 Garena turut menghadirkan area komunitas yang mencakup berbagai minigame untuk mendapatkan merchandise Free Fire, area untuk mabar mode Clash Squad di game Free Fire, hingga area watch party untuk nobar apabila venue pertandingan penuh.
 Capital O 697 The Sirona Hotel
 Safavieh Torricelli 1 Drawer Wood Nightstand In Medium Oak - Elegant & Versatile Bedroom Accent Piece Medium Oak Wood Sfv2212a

* * *

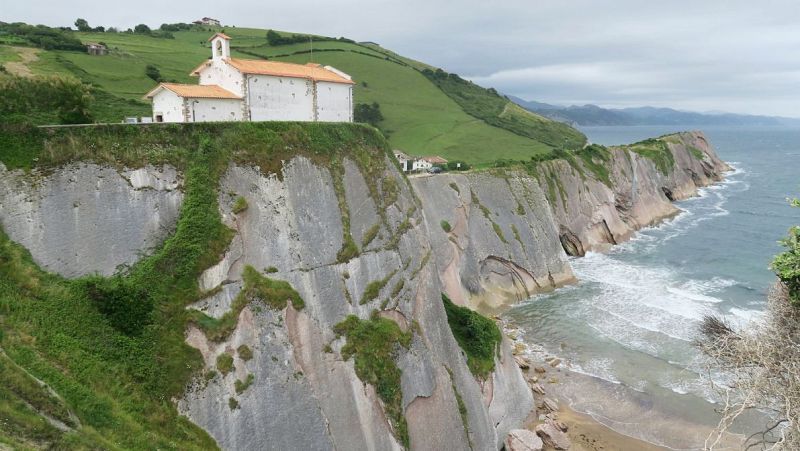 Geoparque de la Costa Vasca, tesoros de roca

==

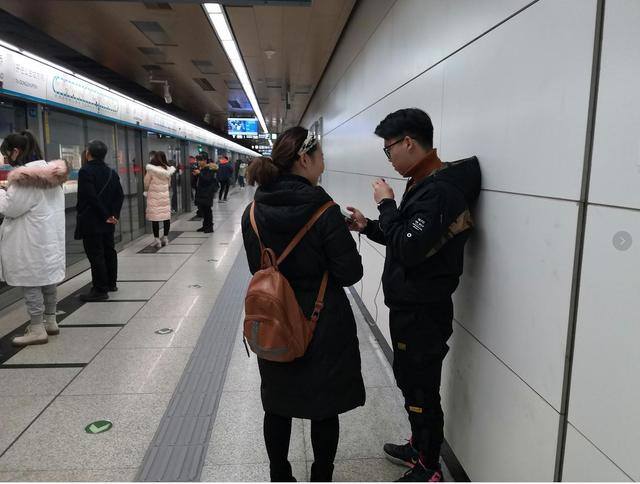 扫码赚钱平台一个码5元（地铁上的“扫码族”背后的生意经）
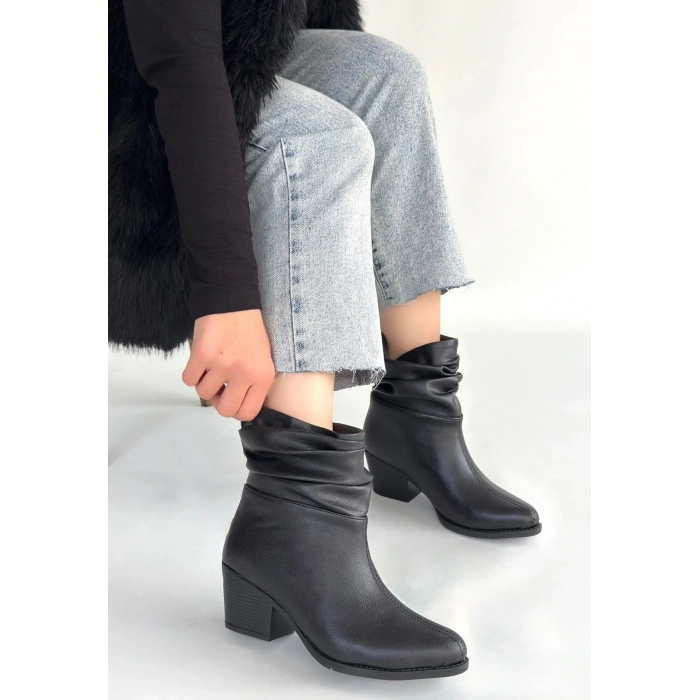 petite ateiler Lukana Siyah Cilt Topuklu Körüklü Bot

--- Problem ---
From the records above, retype only the lines starting at the line that contains "Garena turut menghadirkan" and ending at the line that contains "Safavieh Torricelli 1", both included.

--- Response ---
 Garena turut menghadirkan area komunitas yang mencakup berbagai minigame untuk mendapatkan merchandise Free Fire, area untuk mabar mode Clash Squad di game Free Fire, hingga area watch party untuk nobar apabila venue pertandingan penuh.
 Capital O 697 The Sirona Hotel
 Safavieh Torricelli 1 Drawer Wood Nightstand In Medium Oak - Elegant & Versatile Bedroom Accent Piece Medium Oak Wood Sfv2212a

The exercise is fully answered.